Nothing struck her as more ludicrous. He should work for her—that is where he was needed. And the theatre would be the only place he was ever wanted. Besides, the whole world was against her, and he should not be as well. She told him that she had hoped Georgina would be here with her, but as he knew, Georgina was not.

“I’m not needed,” he said.

“Was St. Patrick needed in Ireland?”

“Only until the snakes were gone. And it seems our snake—by which I mean Rebecca—has fled,” he whispered.

He walked with a military air about him, and because his hope was to be a doctor, he carried a book of Boyle’s
Anatomy
back and forth from the Grand Theatre to the house. Most people thought he was the personification of a “creepy” egotist. Nor did he mind them thinking this, for it set him apart in a different way than the death of the child had. And in a certain way it complemented it—perversely, to be sure, but what else did he have to fall back upon if not the perversity of this kind of precedent?

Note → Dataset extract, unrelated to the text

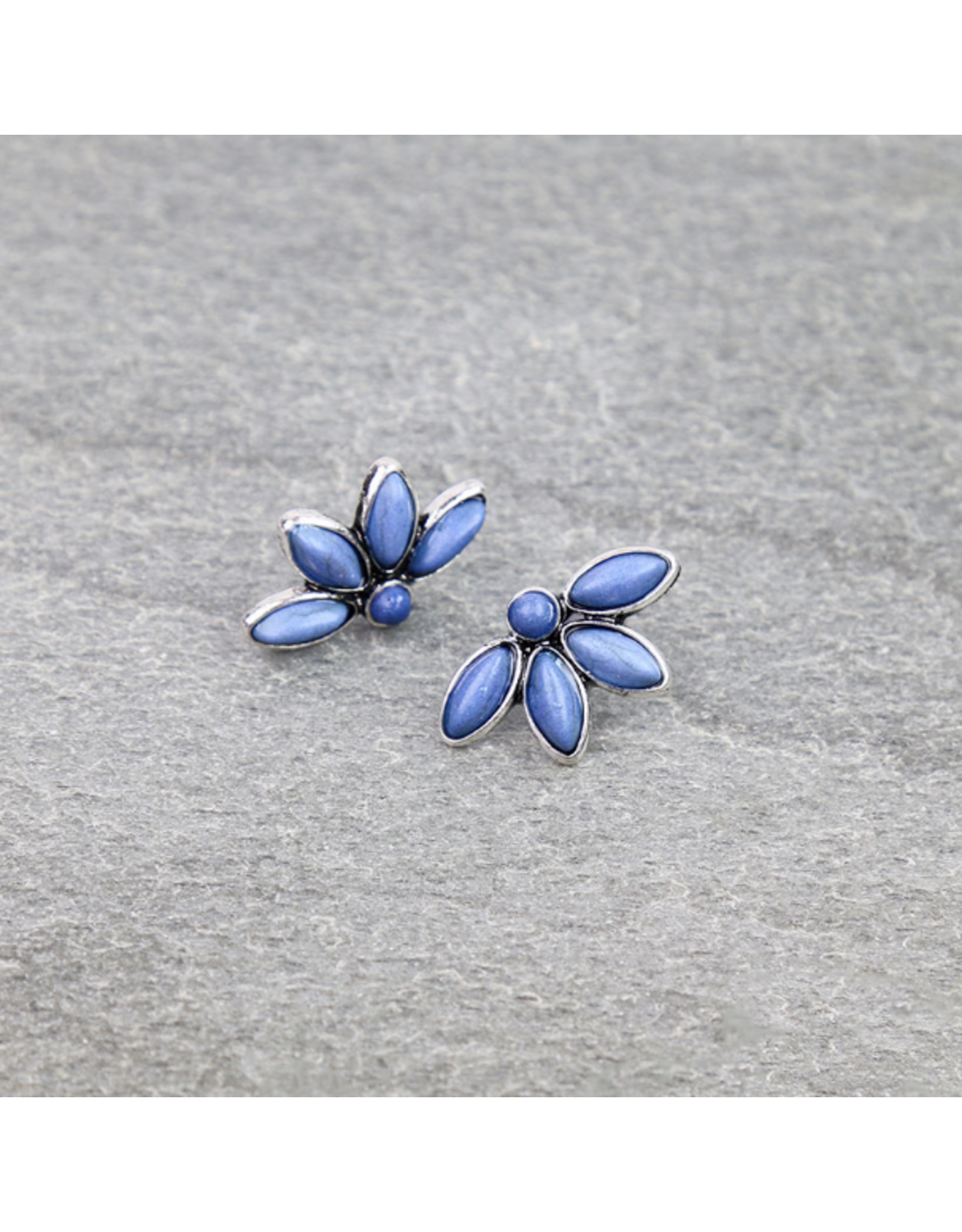 EARRING STUD FLOWER STONE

Still, he believed in a kind of doomsday scenario for himself.

“Why do you have all the doors locked and every light on in the house—even in the basement?” Janie asked him one night in 1938.

“Because Rebecca is back in town with the circus, a hawker at the dart game, and seeking a way to do me in.”

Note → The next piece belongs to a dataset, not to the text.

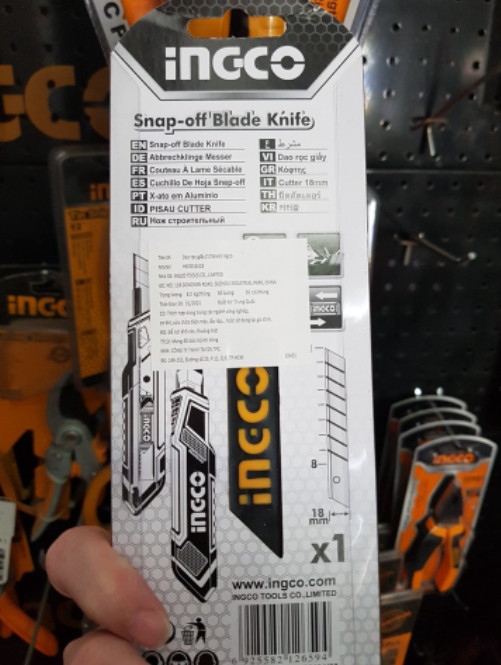 Dao rọc giấy 173mm INGCO HKNS16518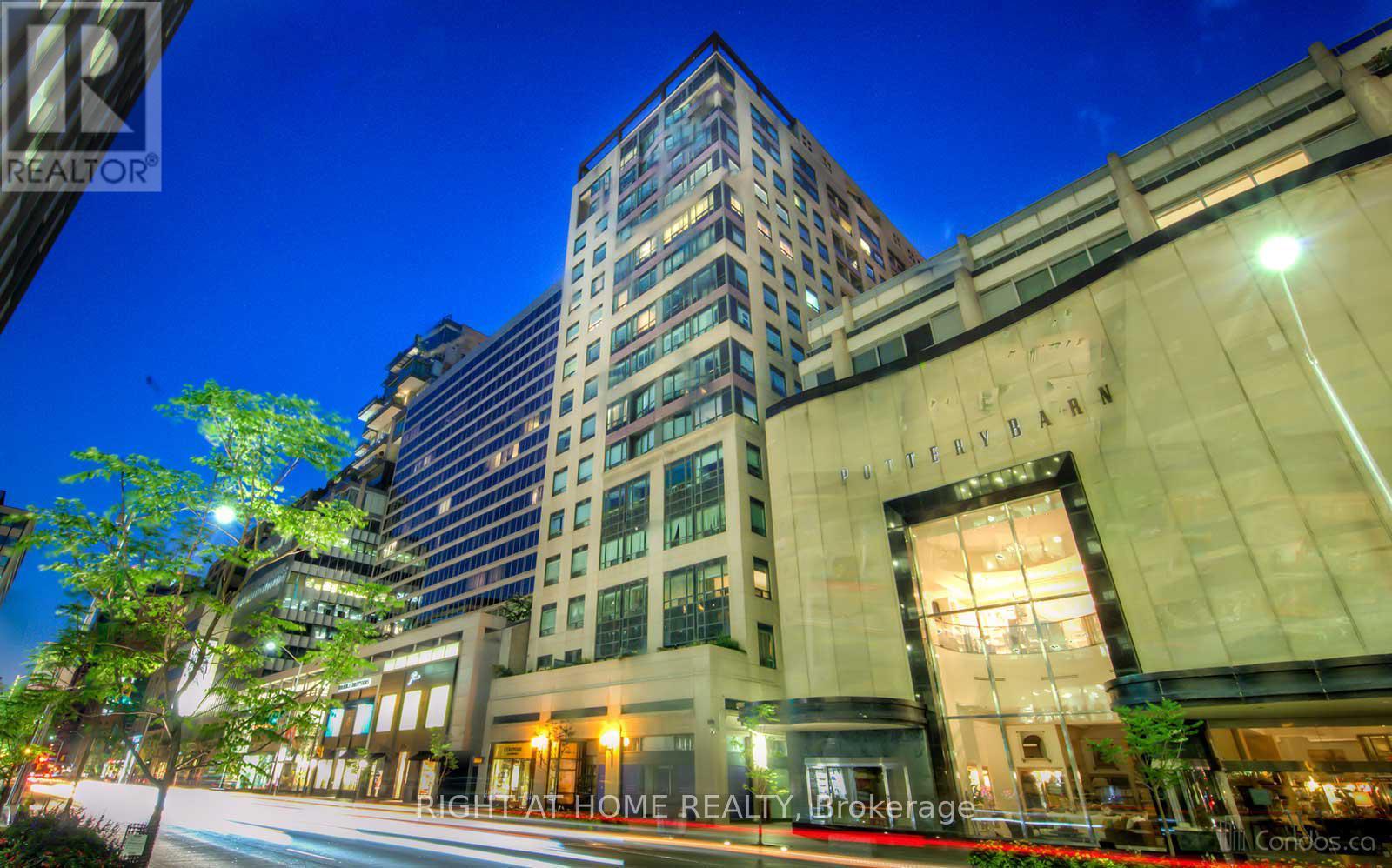 102 BLOOR STREET W, Toronto, Ontario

“That is nonsense,” his mother said.

“Well, Mom, I realize that the carnie is the best place for any of us—there is a kind of emblematic understanding between those people, which in fact is rather sweet, and if not for her I could join. Yet my concern isn’t nonsense. She wants your home and your business and is willing to kill me for it—I knew it since I was seven years old!”

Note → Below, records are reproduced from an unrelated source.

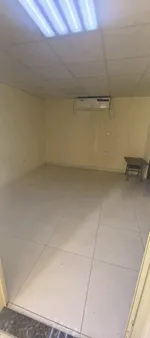 للايجار شقه في فيلا غرفه صاله حمام مطبخ شامل ماء كهرباء انترنت صيانه ب 1900 شهري الموقع العين شعاب الأشخر : Image 7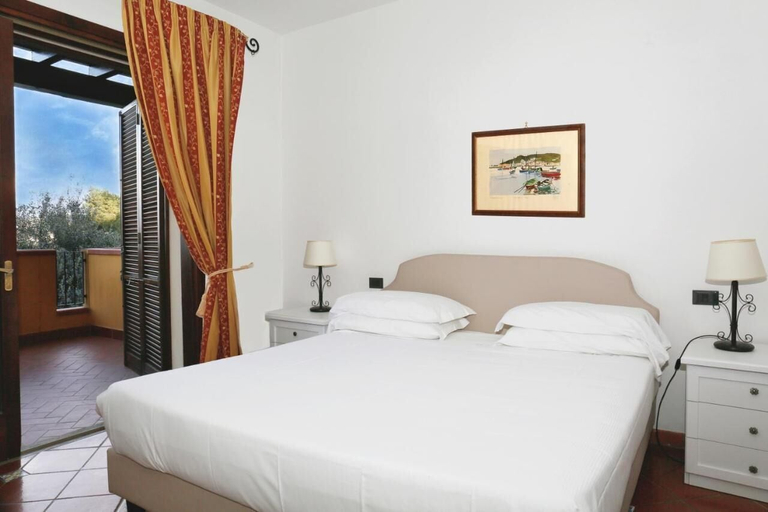Bedroom 3, ALBERGO FILIPPO II, Grosseto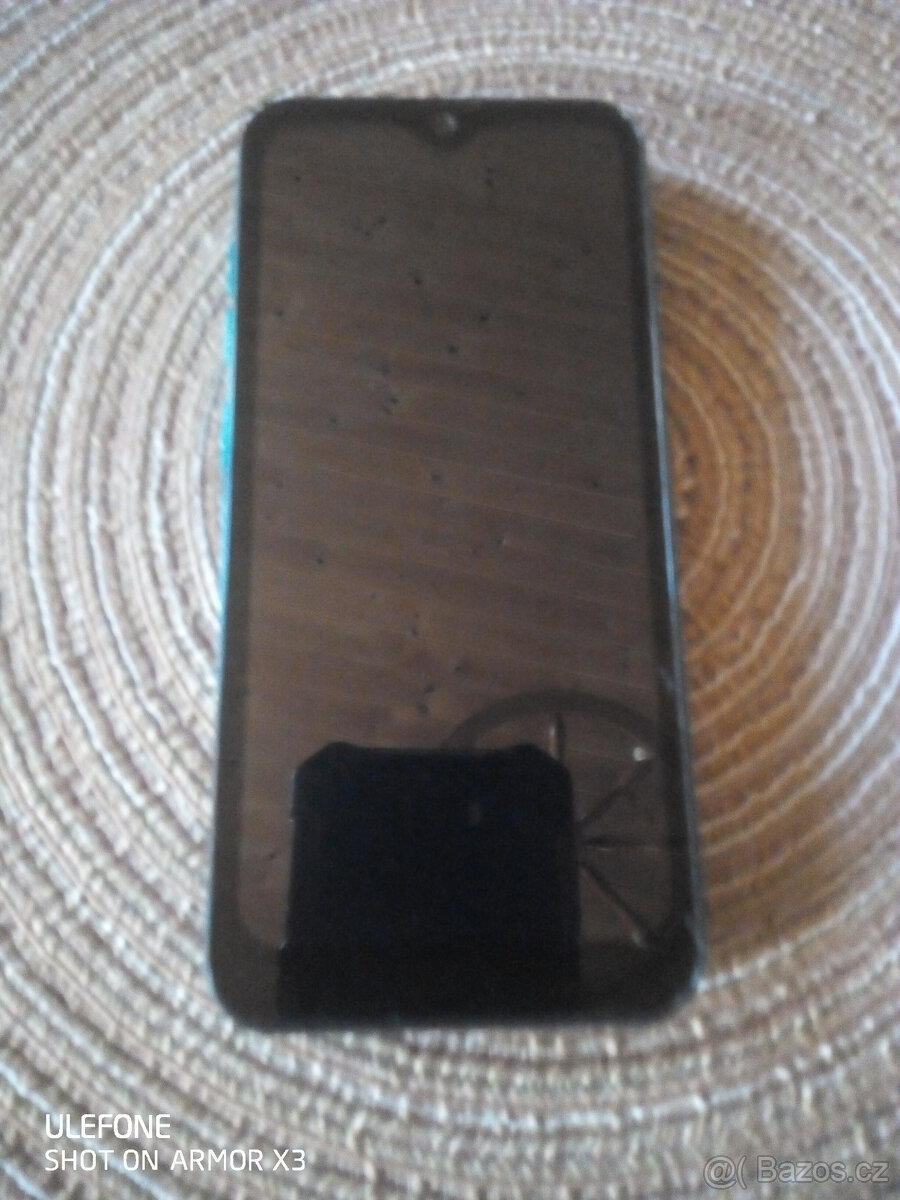 Prodám dva telefony. Ulefone - 7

“Absolute rubbish,” my grandmother said.

The 1940s film noir seemed right for Miles—those films with Bogey and Mitchum, those with palm trees in the dark, those with stairways leading to forlorn patios, those with large cars and indifferent dreams, that ocean waves seemed to wash away. He in his cadet uniform smoking cigarettes alone in the dark theatre, looking like Fitzgerald himself, while the howls of moviegoers echoed around him and sometimes, for no apparent reason, at him. Or for the reason that he carried Boyle’s book of anatomy while asking a girl for a date to the spring dance.

He was in essence forgotten by the town. The girls in their finery, the boys in their youthful swagger waltzed by him, in jaunty indifference onward toward a war, and Hitler in Europe.

He wasn’t even worth bullying any more. Joey Elias told people: let him go, he is too harmless to harm.